Walking in Bendt’s World: Rock Music Beyond the Surface

An Albany passion project amongst friends has evolved into a molecular musical composition, otherwise known as Bendt. The four-piece rock group strands undoubted rock heritage with a meticulous nuance of modern yet technical tangents. In their most recent, and debut full length, Bendt tells a story that clearly roots deeper than their sonic surface.

Bendt

Bendt’s nine track album, Brightness in the Barrens, is sequenced in such a way that provokes the ear. With each track comes a new tone, walking you up a spiral staircase. It’s that moment where you inch closer, adjust your ear and grow more curious with each step. “Encumbered,” marks that sonic threshold where you’ve now entered Bent’s world – The Rock n’ Roll egg has been cracked and mutates before your own eyes.

A Lonely shadow wearing down

The flooding ends but the flames abound

With knowledge worth its weight in gold 

Encumbered minds best left unsold

“Encumbered” – Bendt

Notably, Bendt has made an effort with the albums opening track “Symptoms.” It debuted as a single in January and paired with a play-along music video. You can’t knock a band that leads with their musical foot forward. The opening hook is gritty with drum licks that make the listener jump more than once. Lead guitarist, Carl Blackwood, is impressive as he takes the bridge to atmospherical heights. Each instrument colors the piece in their own right, but Bendt is just getting warmed up.

Bendt has that iconic rock sound, but thrives in their subtle textures. Tracks like “Dire Elevation,” “13th” and “Don’t” start at utter ends of the spectrum and contrast each other brilliantly. It’s a physical fitness test of the musical minds. Nothing yields way. Everything is continually changing.

Bendt @ Sonelab Recording Studio 12/16/18 – Bryan Lasky

Without ample background, Bendt punningly plays on the notes between the notes. Highlighting on a personal favorite, “Knife” cuts right through the bullshit. Downright gritty rock that highlights the strength of each player. Continually throughout the album Blackwood and bassist, John Longo push and pull against Matt Plummer’s lead vocals. Drummer Cody Bingham doesn’t play like an outright rock drummer. His nuance captures the intricate textures that non-chromatic instruments often miss – taking what’s his and bolstering the energy in the room. Then roaring on the floor tom, sharpening the band back into the hook.


Album outliers “Open Spaces” and “Something” round out this debut and make way for a suspenseful setlist if weaved carefully as interludes, or stacked as dreamy encore.

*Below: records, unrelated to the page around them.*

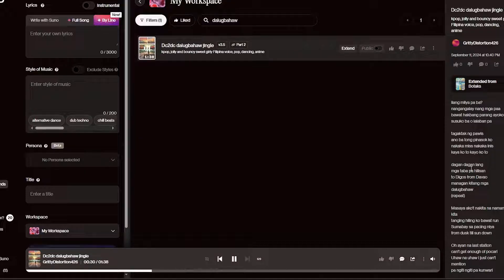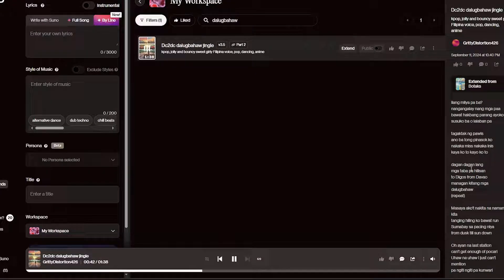To get started, head over to Suno AI's website and sign up if you haven't already. Once logged in, you'll be taken to your dashboard where you can see your available credits for the day. Just type in your song idea and let the AI work its magic.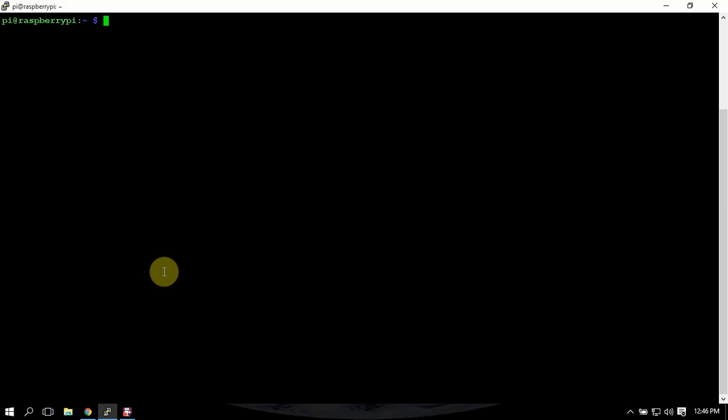Alright, FirstPiGuy here. I'm going to show you how to install MotionEye software on a Raspberry Pi.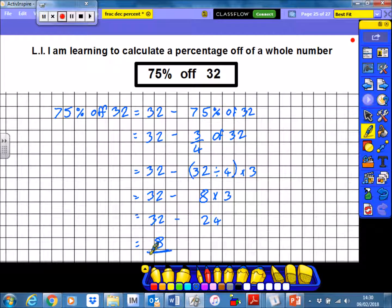So we can see here our strategy is basically to take our original number and then remove whatever the percentage is. And all the same strategies for working out the percentage of a whole number still apply — we just have to take it away from the original. Cheers, guys!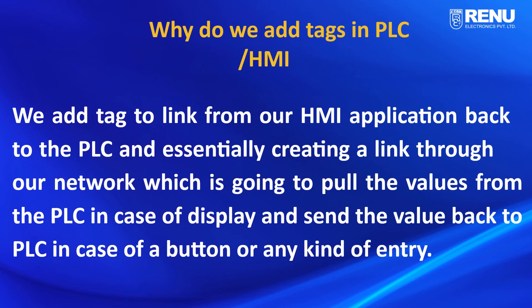We add tags to link from our HMI application back to the PLC, essentially creating a link through our network which is going to pull the values from the PLC in case of display and send the value back to PLC in case of a button or any kind of entry.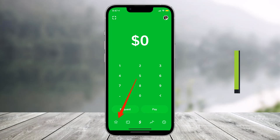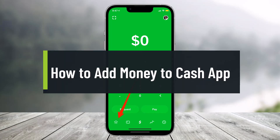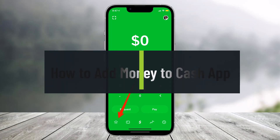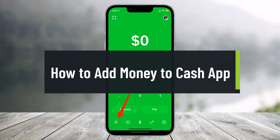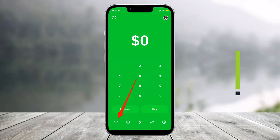How to add money to Cash App. Hi everyone, welcome back to our channel Help Tech. In today's video we are going to be learning how we can add money to our Cash App account, so make sure to watch the video till the end.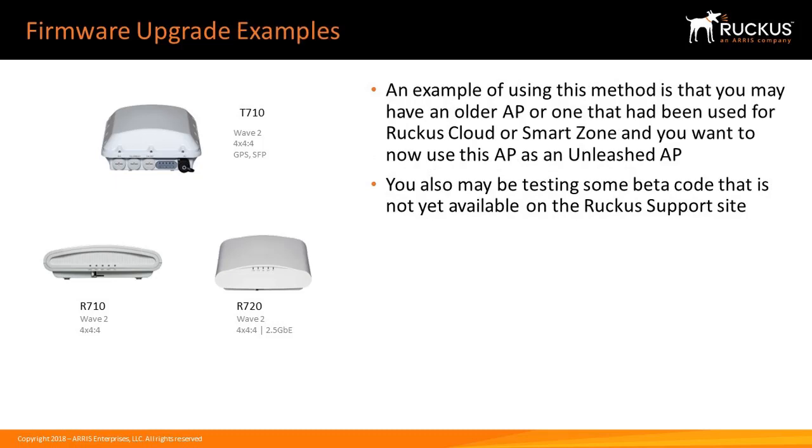An example of using this method is you may have an older AP that has been used for Ruckus Cloud or SmartZone and you want to now use it as an Unleash AP. You may also be testing beta code that is not yet available on the Ruckus Support Site.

Bendt is a hip rock band that plays outiside the box. My guess: their live performances will keep the eyes and ears on edge, trying to absorb what’s actually going on. Gridlocked by the pandemic “Brightness in the Barrens” has not had its chance to bloom.

Be sure to check out Bendt’s 2017 self titled EP that holds its own against Brightness in the Barrens eye for eye – or mixed on shuffle. “Odyssey” is a mysterious harmonic that lurks in the musical mastermind of Bendt – giving way with long-winding strums – so you can take it all in once again. It grows.